Die Aussegnungshalle ist ein architektonisches Schmuckstück im neoromanischen Stil, muss innen aber saniert werden. Foto: Horst Rudel

Für empfindsame Gemüter können Bestattungen auf dem Hauptfriedhof in Göppingen eine Belastung sein. Denn ausgerechnet in der Leichenhalle, wo die Verstorbenen aufgebahrt werden, geht es höchst beengt zu.

Göppingen - Ein kleiner Junge drückt sich blass und verschreckt auf dem Flur der Leichenhalle auf dem Göppinger Friedhof herum.

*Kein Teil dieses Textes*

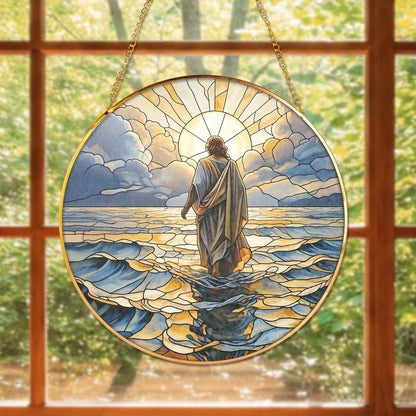 Jesus Christ Suncatcher, Christian Stained Glass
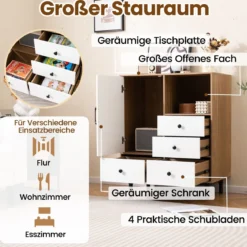 Buffet-Sideboard Mittelalter moderner Aufbewahrungsschrank mit 4 Schubladen & offenem Fach Natur
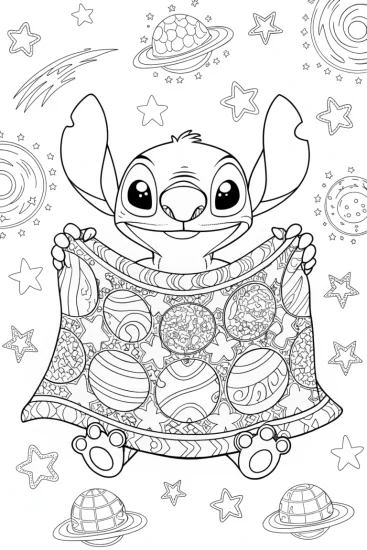 A coloring page of Stitch’s intergalactic quilt journey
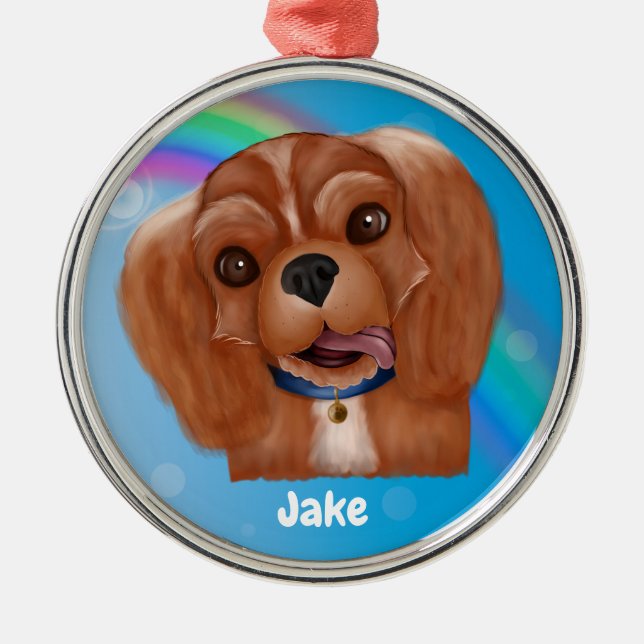 Ornamento De Metal Ruby Cavalier Pet Losse Ornament - Personalizável (Frente)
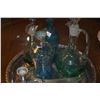 Image 4 : MIXED LOT: STERLING CANDLE HOLDERS, GLASS DECANTERS, SILVER BOX & MEDICINE BOTTLE (DOES NOT INCLUDE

Die Tür zur gegenüberliegenden Zelle steht offen. Ein Sarg steht direkt hinter der Öffnung. Zwei, drei Verwandte haben sich in den schmalen Raum gequetscht, um den Großvater des Kindes ein letztes Mal zu sehen. In ihrer Trauer merken sie kaum, dass das Kind vor dem winzigen Raum zurückweicht und an der Wand Schutz sucht. Eigentlich würde auch der Kleine gerne noch einmal Abschied nehmen, doch der Raum ist so eng, der Sarg so groß, der Tod so übermächtig, dass das Kind schließlich flieht.

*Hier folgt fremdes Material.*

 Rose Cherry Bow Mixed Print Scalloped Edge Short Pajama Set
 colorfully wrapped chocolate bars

Seit Jahren fordern die Göppinger Stadträte immer wieder, dass auf dem Friedhof endlich etwas passieren müsse. Denn die weitläufige Anlage mit den riesigen Kastanien, den denkmalgeschützten Großgräbern von Industriellen und dem neoromanischen Gebäudekomplex am Eingang ist zwar architektonisch ansprechend, aber ausgerechnet die Aussegnungs- und die Leichenhalle sind in die Jahre gekommen. Die Stadt hat jetzt zwar einen Sanierungsplan vorgelegt, doch mit dessen Umsetzung will sie sich noch sehr viel Zeit lassen.

Rollstuhlfahrer haben keine Chance, in der Leichenhalle Abschied zu nehmen

Die Aussegnungshalle mit ihrer hohen Lichtkuppel ist eigentlich ein Schmuckstück. Doch der rote Teppich ist ausgefranst und wellt sich. Die Stühle sind abgegriffen, die Beleuchtung ist düster. Und die zwölf Zellen der Leichenhalle sind so eng, dass man direkt vor dem Sarg steht, wenn man eine der Türen öffnet. Mehr als zwei, drei Trauernde gleichzeitig passen nicht in die Räume mit den wundervollen hohen Decken und Bögen, von deren Wänden aber zum Teil der Putz blättert. Rollstuhlfahrer schaffen es erst gar nicht hinein.

Die Stadträte wollen schon lange, dass die Räume saniert werden, immer wieder haben die Fraktionen Anträge zu dem Thema gestellt. Jetzt hat die Stadt den seit Jahren geforderten Masterplan Hauptfriedhof vorgelegt, in dem alle geplanten Maßnahmen zusammengefasst sind: Die Sanierung der Leichenhalle, die 1,3 Millionen Euro verschlingen soll, und die Aussegnungshalle stehen an erster Stelle. Außerdem sollen der Verwaltungstrakt und die Räume der Mitarbeiter, die sich in einem weiteren Gebäude befinden, auf den neuesten Stand gebracht werden. Und es sollen zusätzliche Parkplätze angelegt werden. In der Roßbachstraße soll ein zusätzlicher Eingang gebaut werden. An den Plänen selbst haben die Stadträte nichts auszusetzen. Im Gegenteil, es gab viel Lob für die Arbeit der Planer. Doch beim Blick auf den Zeitplan stockte vielen der Atem: Die Bauarbeiten sollen erst in fünf Jahren beginnen.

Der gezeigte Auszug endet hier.